Paesi che non a caso negli ultimi giorni hanno incrementato le proprie dichiarazioni belliciste nei confronti del governo siriano. Come quando il ministro degli Esteri del Qatar, Khalid bin Mohammad al-Attiya, ha affermato che i raid aerei contro i jihadisti dello Stato islamico stanno rafforzando il presidente siriano Bashar al-Assad e rischiano di alimentare ulteriormente le tensioni tra sunniti e sciiti. Se continuiamo a limitare la campagna ai raid aerei, aiutiamo Assad. La questione è: chi andrà a colmare il vuoto? il regime o il popolo siriano che soffre da oltre tre anni e mezzo per la propria libertà e giustizia?”, ha detto il ministro, sollecitando un’accelerazione del programma di addestramento dei ribelli siriani da parte dell’amministrazione statunitense, e suggerendo il dispiegamento di forze speciali arabe (fedeli alle petromonarchie) per garantire il controllo delle zone strappate ai jihadisti dell’Isis ed evitare che vengano occupate dall’esercito di Damasco.

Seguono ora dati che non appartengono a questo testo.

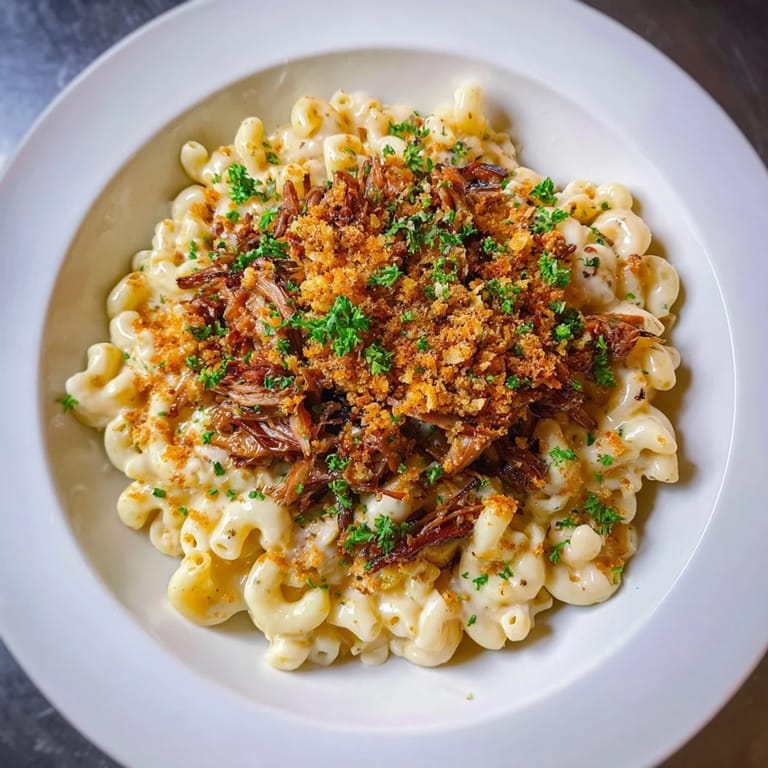 Smoky barbecue flavors merge with cheesy Barbecue Pulled Pork Mac and Cheese, baked until bubbly perfection.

O come quando lo stesso Saud al-Faisal ha affermato che il vero obiettivo dei raid aerei della coalizione guidata dagli USA contro lo Stato Islamico in Siria è rovesciare il regime di Assad. Dichiarazione resa pubblica poche ore dopo lo scoop del quotidiano libanese As Safir secondo il quale Bandar Bin Sultan, ex responsabile dei servizi segreti di Riad, sarebbe a capo di una maxi operazione di finanziamento, con fondi provenienti direttamente dalla casa reale saudita, dei gruppi islamisti più radicali attivi in Siria contro il governo e contro la guerriglia curda. Questo mentre sul terreno due rami del jihadismo finora relativamente in concorrenza tra loro – Isis e Fronte al Nusra (braccio di Al Qaeda in Siria) – hanno rafforzato la loro cooperazione anche sulla base delle pressioni da parte dei “paesi donatori”.